# [Available data]
┌──

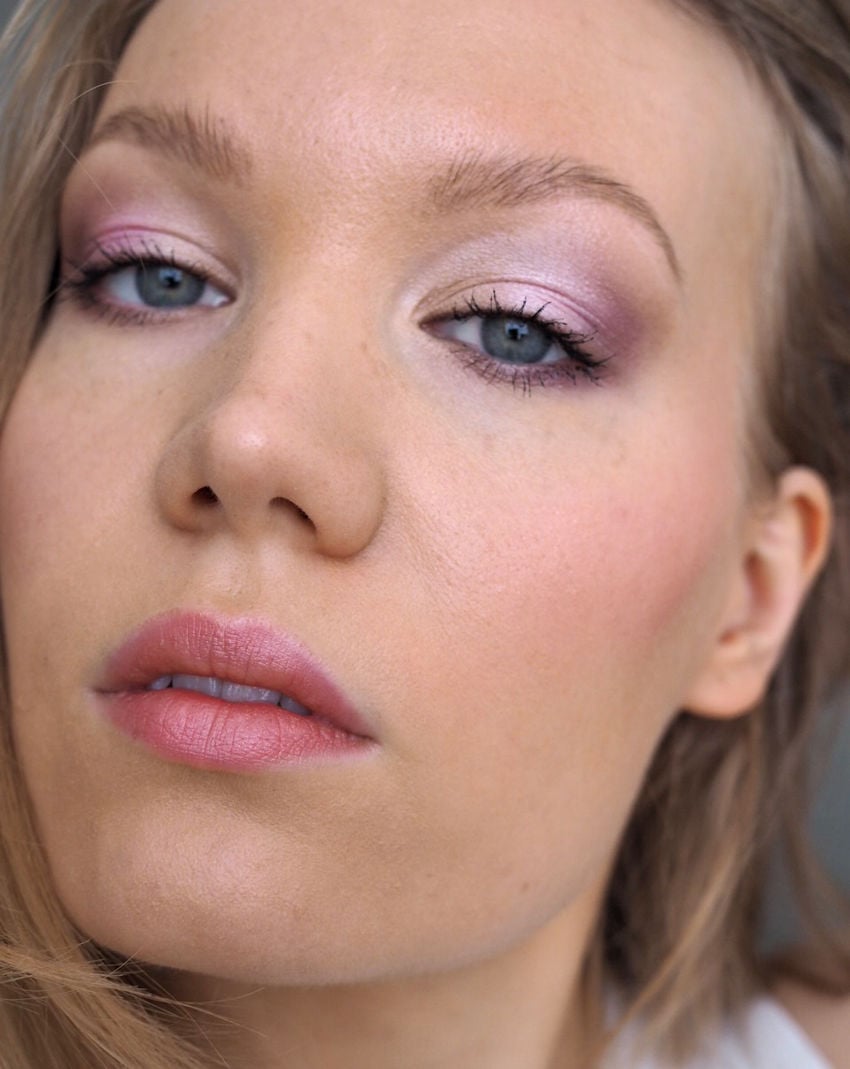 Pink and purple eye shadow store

└──
┌──

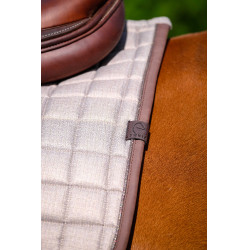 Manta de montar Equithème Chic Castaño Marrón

└──
┌──

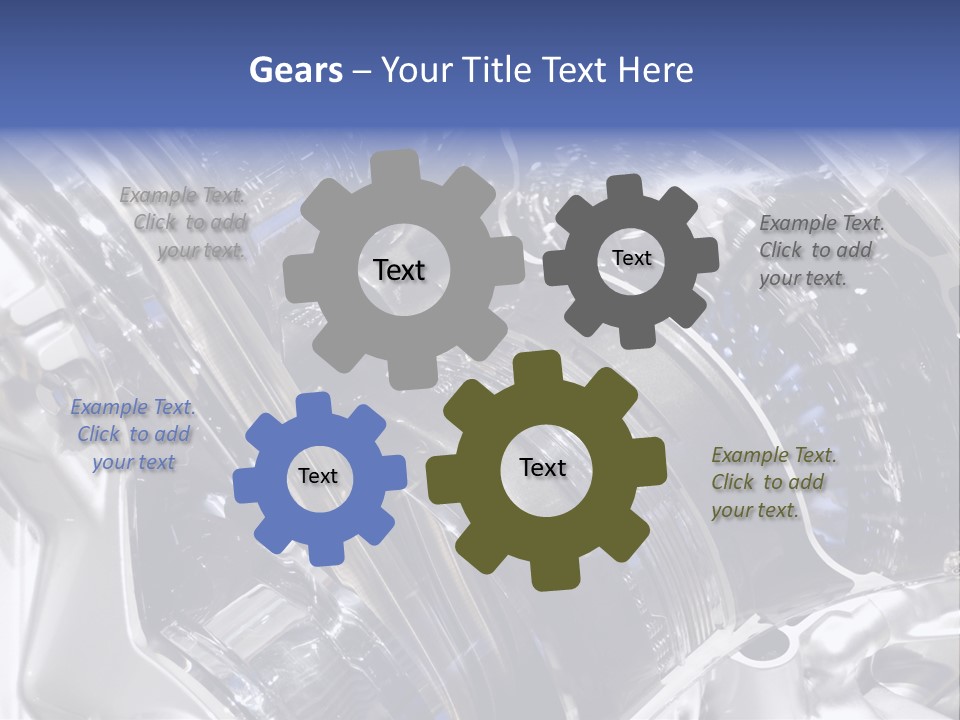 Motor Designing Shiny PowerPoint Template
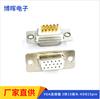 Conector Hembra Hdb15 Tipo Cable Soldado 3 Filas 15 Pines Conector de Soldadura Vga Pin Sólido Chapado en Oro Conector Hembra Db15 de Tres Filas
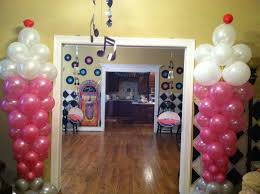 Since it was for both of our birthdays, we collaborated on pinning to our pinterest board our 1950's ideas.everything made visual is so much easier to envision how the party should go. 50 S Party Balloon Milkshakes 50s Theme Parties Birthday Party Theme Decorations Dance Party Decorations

└──

# [Task objective]
Working from the data above, repeat exactly, and only, the lines that begin at the line containing "Conector Hembra Hdb15" and stop after the line containing "Since it was"; pictures are not copied.

# [Answer for this exercise]
 Conector Hembra Hdb15 Tipo Cable Soldado 3 Filas 15 Pines Conector de Soldadura Vga Pin Sólido Chapado en Oro Conector Hembra Db15 de Tres Filas
 Since it was for both of our birthdays, we collaborated on pinning to our pinterest board our 1950's ideas.everything made visual is so much easier to envision how the party should go. 50 S Party Balloon Milkshakes 50s Theme Parties Birthday Party Theme Decorations Dance Party Decorations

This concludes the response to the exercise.